Two main methods have customarily been employed in attributing the investment return to non-resident general insurers.

Method 1

(UK Technical provisions/World wide technical provisions) x (World wide investment return)

Method 2

([UK technical provisions + solvency margin + ‘comfort margin’]/World wide assets) x (World wide investment return)

These methods may not be fully compatible with the separate enterprise principle in Article 7(2) of the OECD Model. Arguably Method 1, in apportioning worldwide yield in the ratio of UK technical provisions to the world technical provisions attributes income on shareholders’ funds that would not be available to the establishment were it a separate entity. However, if the activities of the permanent establishment and of the rest of the enterprise are homogeneous, Method 1 may give a reasonable arm’s length result, assuming the national regulatory requirements involved are similar. Otherwise adaptation may be required.

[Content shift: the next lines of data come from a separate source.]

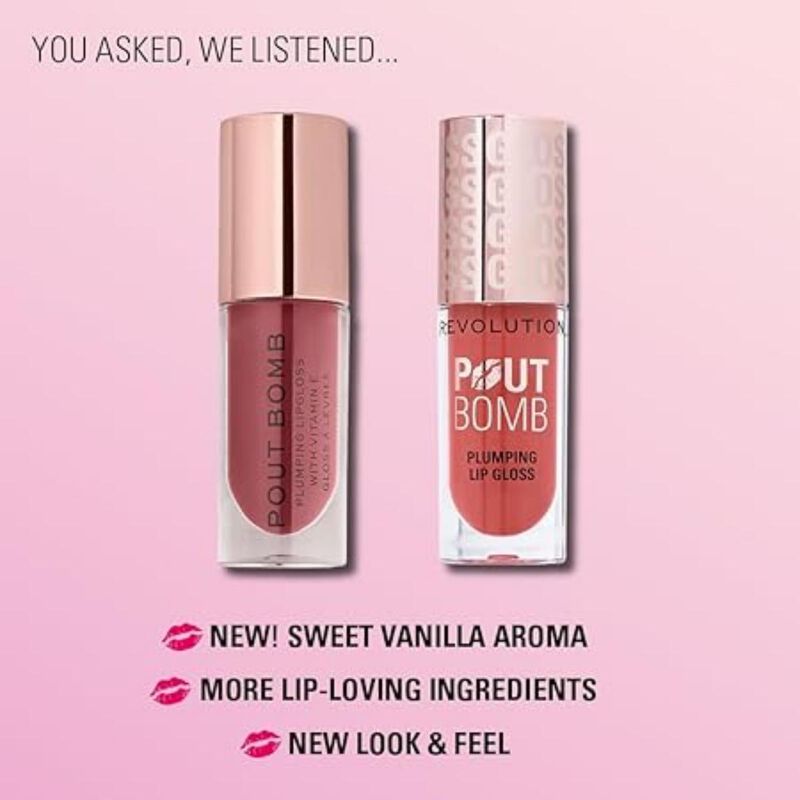 revolution beauty london pout bomb plumping gloss kiss nude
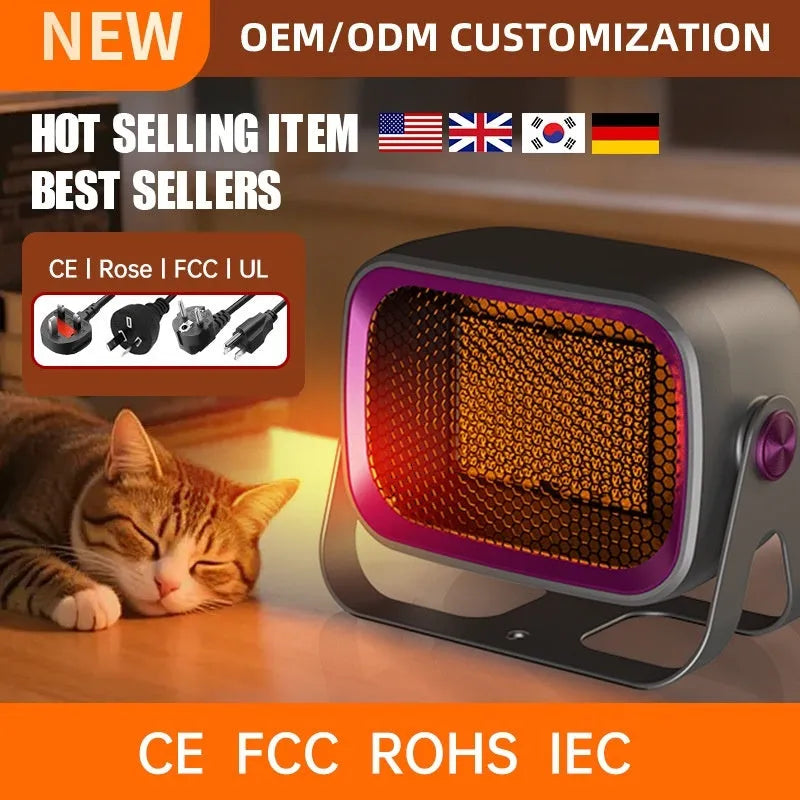 Compact white PTC ceramic desktop electric heater on a wooden desk.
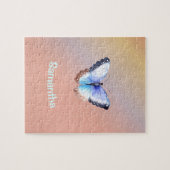Mooi watercolor vlinder met naam legpuzzel (Horizontaal)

Method 2 arguably seeks to confer some attributes of a separate company with its own share capital and reserves upon a permanent establishment. The hypothesis in Article 7(2) does not say that the branch is deemed to be a separate company (and therefore must have a share capital). But an enterprise looked at on a stand alone basis would in general need capital in some form. A partnership or Lloyd’s syndicate needs to be capitalised although not in the form of share capital.

Whatever the justification, by reference to General Reinsurance v Tomlinson, or the OECD Model Commentary in the light of these arguments, the actual circumstances of the branch activities must always be considered. Any total transfer of cash-flow, as it arrives, to Head Office would for example clearly be a ’dealing’ with the enterprise of which the branch is a permanent establishment, and not one that would exist at arm’s length. It is perhaps less obvious that an initial under funding of a branch by its Head Office is. The existence of the first situation clearly justifies the attribution of investment yield to the branch above what is shown in the branch books or regulatory return.

Attributed investment yield is not ’notional’ investment income. It is real, but has not been attributed by the company to its branch. On this analysis it might seem impossible to attribute to a UK branch more than the total investment return of the company as a whole, but where there are investment gains and losses this is a possibility. If the entity of which the UK branch forms part has had insufficient investment return attributed to it as a result of non- arm’s length dealings with other members of a group Article 9 of the OECD Model (Associated Enterprises) and possibly ICTA88/SCH28AA may be in point (see INTM430000+).

Methods 1 and 2 should now be seen as simplified applications of the approaches discussed in the OECD Report on the Attribution of Profits to Permanent Establishments. They may give a reasonable result in some circumstances. See GIM10210+.